From September three of the resort’s primary schools, Devonshire, Anchorsholme and Park, have opted to form a multi-academy trust together.
Unity College in North Shore is also converting, to join the Fylde coast Teaching School Alliance, which also includes Hodgson Academy in Poulton and Montgomery High School in Bispham.
An academy is a publicly funded school free from local authority control, overseen by sponsors which can be charitable or commercial.
Palatine Community Sports College has been handed an academy order by Department for Education (DfE) bosses after Ofsted inspectors slammed the South Shore secondary as “inadequate” and “requiring improvement”.
Coun Blackburn added that, in cases such as this, as much as possible should be done to bring in “genuine” sponsors.
He added: “If academy status is absolutely necessary or unavoidable – as in the case of schools deemed by Ofsted to be ‘failing’ – we should look for public sector or genuine charitable sponsors, or finding other ways of managing the situation to avoid the influence of private money being brought to bear.”

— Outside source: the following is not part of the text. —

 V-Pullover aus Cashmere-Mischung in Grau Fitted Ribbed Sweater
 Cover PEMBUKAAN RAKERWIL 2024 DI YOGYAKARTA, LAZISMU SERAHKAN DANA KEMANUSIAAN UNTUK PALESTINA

Union bosses today praised the council leader for taking a stand against academies.
John Girdley, Lancashire’s national executive member for the NASUWT, said: “I applaud Simon Blackburn if he’s calling on heads and governors to resist (the academy movement) and I will be calling on teachers to resist it.
“I sincerely hope there is a movement to resist what is going on. Finally people are getting wise to what is going on.
“It is genuinely creeping privatisation and creeping profit taking.”
Peter Marsden, Blackpool branch secretary for Unison, said: “Our position is in common with Simon Blackburn. Our concern is the break-up of local schools.”
A DfE spokesman said: “With results in academies improving far faster than the national average, it is no wonder that so many already successful schools want to convert and drive up standards even further.”
“In addition we will not stand by when a school is underperforming and its pupils are being failed. We believe the best way to turn around such schools is under the guidance of experienced academy sponsors with a track record of success.”